=== Extracted entries ===
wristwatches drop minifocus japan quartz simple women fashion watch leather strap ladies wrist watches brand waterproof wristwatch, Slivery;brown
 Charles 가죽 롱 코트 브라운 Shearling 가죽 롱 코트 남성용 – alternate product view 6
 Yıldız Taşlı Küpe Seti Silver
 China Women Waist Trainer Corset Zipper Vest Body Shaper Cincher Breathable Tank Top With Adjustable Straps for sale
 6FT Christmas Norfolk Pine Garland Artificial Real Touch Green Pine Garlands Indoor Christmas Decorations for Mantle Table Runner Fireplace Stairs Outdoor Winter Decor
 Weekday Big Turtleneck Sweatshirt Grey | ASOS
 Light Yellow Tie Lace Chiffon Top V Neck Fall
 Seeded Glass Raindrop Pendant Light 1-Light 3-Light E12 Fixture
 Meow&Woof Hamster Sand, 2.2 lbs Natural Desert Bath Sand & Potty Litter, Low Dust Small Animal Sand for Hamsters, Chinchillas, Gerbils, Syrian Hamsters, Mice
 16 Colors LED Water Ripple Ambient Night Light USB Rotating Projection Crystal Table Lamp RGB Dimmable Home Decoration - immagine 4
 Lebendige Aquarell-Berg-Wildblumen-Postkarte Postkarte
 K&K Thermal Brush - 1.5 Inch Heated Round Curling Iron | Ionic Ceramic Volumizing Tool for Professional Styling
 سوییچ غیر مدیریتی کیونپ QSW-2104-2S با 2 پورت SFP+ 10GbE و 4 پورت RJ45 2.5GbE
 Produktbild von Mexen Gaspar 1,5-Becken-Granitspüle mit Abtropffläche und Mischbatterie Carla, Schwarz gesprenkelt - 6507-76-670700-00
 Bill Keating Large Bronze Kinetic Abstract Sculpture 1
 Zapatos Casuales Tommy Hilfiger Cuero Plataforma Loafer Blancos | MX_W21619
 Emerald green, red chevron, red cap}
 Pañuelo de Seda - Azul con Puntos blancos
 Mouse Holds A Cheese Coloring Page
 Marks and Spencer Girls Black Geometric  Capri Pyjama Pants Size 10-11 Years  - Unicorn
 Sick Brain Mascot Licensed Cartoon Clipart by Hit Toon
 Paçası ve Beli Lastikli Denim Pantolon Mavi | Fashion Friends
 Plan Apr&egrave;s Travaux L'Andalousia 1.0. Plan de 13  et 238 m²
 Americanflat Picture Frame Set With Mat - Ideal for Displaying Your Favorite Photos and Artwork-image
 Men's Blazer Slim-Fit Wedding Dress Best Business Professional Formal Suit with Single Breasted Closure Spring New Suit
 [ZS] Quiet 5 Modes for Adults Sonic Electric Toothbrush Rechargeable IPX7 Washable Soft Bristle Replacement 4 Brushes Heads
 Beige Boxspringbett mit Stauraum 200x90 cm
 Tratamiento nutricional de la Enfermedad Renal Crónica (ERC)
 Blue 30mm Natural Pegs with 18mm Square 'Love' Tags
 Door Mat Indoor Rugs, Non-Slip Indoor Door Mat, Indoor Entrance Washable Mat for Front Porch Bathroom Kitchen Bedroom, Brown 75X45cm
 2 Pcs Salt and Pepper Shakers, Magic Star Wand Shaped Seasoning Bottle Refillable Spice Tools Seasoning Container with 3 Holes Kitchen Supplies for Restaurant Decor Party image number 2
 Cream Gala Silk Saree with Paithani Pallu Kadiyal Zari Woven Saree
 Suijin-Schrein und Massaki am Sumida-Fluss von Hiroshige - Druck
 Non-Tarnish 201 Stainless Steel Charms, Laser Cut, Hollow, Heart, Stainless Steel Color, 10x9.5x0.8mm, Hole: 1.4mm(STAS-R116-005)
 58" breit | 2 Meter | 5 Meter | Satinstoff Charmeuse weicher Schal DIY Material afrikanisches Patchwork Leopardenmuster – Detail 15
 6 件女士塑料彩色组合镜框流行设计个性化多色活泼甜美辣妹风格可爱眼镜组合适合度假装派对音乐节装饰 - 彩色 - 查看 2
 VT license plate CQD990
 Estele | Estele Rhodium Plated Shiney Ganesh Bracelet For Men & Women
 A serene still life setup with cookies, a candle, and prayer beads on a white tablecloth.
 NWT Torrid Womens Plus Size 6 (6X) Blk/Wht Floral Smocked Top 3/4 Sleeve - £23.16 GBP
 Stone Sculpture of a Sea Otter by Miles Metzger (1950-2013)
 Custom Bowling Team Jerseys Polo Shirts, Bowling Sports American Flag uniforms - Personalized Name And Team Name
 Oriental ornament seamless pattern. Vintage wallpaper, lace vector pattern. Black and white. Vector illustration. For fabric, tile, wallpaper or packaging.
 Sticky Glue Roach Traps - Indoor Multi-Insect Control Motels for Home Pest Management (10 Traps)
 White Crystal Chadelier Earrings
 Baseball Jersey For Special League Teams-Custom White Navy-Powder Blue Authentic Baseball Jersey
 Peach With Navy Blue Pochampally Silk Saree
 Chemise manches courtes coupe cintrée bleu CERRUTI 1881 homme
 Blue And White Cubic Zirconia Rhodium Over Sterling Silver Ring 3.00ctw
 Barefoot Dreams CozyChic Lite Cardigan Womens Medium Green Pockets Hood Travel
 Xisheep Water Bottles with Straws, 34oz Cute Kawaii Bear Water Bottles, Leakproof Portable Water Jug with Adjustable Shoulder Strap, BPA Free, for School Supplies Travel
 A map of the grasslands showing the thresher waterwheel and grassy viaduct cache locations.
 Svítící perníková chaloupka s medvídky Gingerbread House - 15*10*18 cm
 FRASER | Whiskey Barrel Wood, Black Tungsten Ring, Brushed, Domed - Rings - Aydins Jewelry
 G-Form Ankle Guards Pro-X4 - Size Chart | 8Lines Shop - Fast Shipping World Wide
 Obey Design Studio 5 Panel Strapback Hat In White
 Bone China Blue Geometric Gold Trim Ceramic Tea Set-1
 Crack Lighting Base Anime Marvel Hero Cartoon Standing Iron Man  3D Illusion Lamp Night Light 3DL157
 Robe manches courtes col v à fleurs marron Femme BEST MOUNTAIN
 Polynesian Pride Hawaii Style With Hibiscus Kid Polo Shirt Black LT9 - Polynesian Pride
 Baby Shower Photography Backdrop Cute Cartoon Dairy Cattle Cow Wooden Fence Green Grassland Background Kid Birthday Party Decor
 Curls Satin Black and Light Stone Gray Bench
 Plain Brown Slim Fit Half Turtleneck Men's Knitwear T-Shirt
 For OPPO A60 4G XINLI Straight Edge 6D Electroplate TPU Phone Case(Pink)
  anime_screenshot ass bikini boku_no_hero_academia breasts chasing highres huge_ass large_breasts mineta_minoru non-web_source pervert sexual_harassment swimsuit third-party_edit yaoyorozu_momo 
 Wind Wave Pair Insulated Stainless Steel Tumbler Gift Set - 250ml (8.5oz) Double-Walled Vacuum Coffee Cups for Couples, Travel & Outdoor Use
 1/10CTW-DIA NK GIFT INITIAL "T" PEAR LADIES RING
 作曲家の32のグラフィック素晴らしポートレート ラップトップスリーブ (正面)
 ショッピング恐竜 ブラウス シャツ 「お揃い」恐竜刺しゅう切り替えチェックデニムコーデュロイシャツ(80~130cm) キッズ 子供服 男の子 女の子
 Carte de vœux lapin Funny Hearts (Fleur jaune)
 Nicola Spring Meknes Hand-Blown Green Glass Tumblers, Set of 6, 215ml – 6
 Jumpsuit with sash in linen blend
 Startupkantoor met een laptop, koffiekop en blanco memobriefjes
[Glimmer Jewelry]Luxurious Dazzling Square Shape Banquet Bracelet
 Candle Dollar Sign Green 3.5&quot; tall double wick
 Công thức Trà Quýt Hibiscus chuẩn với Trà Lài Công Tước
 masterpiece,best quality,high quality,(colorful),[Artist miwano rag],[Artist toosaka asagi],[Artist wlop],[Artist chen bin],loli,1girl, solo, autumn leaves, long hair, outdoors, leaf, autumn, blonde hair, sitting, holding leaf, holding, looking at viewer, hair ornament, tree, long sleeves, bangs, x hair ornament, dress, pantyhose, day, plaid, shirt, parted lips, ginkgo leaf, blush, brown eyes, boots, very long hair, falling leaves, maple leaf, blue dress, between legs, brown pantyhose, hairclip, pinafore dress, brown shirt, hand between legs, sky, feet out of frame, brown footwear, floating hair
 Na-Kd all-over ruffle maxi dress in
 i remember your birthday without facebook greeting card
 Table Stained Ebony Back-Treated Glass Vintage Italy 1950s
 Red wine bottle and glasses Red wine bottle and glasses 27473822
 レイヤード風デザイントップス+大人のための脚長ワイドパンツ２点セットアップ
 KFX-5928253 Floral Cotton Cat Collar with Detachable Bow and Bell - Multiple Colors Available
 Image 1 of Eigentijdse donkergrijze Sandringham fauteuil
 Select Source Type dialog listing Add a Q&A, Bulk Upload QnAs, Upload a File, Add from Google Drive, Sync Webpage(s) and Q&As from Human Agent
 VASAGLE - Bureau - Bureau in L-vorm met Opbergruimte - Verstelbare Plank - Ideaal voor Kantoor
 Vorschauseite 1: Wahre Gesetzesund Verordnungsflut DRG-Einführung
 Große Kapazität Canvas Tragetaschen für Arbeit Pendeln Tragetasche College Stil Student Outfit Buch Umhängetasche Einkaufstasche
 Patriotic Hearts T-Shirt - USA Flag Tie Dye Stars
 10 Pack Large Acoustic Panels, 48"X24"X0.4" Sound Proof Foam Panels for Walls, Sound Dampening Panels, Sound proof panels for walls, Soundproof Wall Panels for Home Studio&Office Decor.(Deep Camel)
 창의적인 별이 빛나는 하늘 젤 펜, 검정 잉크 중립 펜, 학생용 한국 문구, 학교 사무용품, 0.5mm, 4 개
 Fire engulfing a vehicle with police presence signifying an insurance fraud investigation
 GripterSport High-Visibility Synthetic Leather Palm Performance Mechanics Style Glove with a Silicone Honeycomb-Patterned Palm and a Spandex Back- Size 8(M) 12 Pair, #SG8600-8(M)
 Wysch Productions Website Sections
===
Activity
For this exercise, output exactly the lines above from the line with "i remember your" to the line with "10 Pack Large", counting both, and leave out the rest.

Written solution
 i remember your birthday without facebook greeting card
 Table Stained Ebony Back-Treated Glass Vintage Italy 1950s
 Red wine bottle and glasses Red wine bottle and glasses 27473822
 レイヤード風デザイントップス+大人のための脚長ワイドパンツ２点セットアップ
 KFX-5928253 Floral Cotton Cat Collar with Detachable Bow and Bell - Multiple Colors Available
 Image 1 of Eigentijdse donkergrijze Sandringham fauteuil
 Select Source Type dialog listing Add a Q&A, Bulk Upload QnAs, Upload a File, Add from Google Drive, Sync Webpage(s) and Q&As from Human Agent
 VASAGLE - Bureau - Bureau in L-vorm met Opbergruimte - Verstelbare Plank - Ideaal voor Kantoor
 Vorschauseite 1: Wahre Gesetzesund Verordnungsflut DRG-Einführung
 Große Kapazität Canvas Tragetaschen für Arbeit Pendeln Tragetasche College Stil Student Outfit Buch Umhängetasche Einkaufstasche
 Patriotic Hearts T-Shirt - USA Flag Tie Dye Stars
 10 Pack Large Acoustic Panels, 48"X24"X0.4" Sound Proof Foam Panels for Walls, Sound Dampening Panels, Sound proof panels for walls, Soundproof Wall Panels for Home Studio&Office Decor.(Deep Camel)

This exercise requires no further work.